Instructions to follow => Only the lines below starting at the one containing "Severed Fiber Optic" and ending at the one containing "Шкаф распашный ШР4" belong in the answer, each copied exactly.

Material for this exercise =>
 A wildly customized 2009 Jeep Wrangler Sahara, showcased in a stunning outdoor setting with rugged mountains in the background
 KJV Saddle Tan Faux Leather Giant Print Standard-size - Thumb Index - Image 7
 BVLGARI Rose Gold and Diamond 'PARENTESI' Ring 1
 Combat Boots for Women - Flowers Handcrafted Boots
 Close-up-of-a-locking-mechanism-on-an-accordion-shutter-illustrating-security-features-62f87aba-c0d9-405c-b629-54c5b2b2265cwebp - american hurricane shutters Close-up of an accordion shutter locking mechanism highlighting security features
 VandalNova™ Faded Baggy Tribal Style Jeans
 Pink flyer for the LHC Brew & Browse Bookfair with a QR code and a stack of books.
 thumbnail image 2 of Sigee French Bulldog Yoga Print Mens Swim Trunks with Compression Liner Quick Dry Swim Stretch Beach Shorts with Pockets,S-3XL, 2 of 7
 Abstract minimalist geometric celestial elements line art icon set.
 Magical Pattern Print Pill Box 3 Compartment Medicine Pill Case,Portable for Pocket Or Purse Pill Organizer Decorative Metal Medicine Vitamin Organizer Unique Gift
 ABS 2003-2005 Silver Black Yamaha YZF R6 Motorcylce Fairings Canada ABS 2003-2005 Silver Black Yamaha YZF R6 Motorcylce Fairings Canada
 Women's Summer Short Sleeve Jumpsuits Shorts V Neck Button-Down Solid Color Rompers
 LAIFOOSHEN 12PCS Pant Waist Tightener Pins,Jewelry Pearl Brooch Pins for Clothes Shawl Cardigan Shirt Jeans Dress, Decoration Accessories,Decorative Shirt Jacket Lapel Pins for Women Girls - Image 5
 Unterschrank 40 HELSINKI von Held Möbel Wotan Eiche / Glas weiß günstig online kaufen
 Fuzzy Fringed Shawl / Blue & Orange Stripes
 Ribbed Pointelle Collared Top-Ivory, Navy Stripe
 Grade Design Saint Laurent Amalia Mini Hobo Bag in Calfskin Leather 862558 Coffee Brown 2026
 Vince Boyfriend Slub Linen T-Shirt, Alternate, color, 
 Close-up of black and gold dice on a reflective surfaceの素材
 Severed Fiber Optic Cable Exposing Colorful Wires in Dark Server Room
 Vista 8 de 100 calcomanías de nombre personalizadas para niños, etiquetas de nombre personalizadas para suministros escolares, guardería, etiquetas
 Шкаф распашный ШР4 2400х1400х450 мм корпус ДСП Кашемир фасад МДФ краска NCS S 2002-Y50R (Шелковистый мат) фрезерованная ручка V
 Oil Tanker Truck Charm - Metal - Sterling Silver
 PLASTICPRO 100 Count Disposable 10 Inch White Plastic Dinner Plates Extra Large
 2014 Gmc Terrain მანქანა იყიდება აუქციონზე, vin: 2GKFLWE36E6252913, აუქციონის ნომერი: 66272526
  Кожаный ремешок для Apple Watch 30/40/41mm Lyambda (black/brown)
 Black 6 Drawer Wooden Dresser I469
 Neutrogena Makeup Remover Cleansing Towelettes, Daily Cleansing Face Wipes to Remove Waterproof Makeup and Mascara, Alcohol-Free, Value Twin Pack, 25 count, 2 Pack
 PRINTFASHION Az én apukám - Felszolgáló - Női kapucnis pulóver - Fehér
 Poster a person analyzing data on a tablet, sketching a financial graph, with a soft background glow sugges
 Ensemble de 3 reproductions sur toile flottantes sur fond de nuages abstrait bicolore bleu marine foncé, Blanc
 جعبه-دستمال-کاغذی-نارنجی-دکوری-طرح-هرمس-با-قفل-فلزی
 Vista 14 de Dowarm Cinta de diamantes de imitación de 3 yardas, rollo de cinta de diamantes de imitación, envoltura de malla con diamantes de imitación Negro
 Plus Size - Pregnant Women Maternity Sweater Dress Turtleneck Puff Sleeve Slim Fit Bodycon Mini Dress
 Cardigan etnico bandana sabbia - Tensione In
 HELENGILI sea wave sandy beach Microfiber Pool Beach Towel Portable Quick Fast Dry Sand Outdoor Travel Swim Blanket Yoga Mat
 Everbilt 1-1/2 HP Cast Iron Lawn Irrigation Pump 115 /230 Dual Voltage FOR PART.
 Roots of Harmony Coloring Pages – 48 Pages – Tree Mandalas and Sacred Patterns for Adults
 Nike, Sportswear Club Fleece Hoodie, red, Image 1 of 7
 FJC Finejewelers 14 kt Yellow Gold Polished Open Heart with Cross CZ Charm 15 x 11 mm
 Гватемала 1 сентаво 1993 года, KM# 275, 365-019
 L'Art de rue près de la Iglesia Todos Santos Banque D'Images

Solved problem =>
 Severed Fiber Optic Cable Exposing Colorful Wires in Dark Server Room
 Vista 8 de 100 calcomanías de nombre personalizadas para niños, etiquetas de nombre personalizadas para suministros escolares, guardería, etiquetas
 Шкаф распашный ШР4 2400х1400х450 мм корпус ДСП Кашемир фасад МДФ краска NCS S 2002-Y50R (Шелковистый мат) фрезерованная ручка V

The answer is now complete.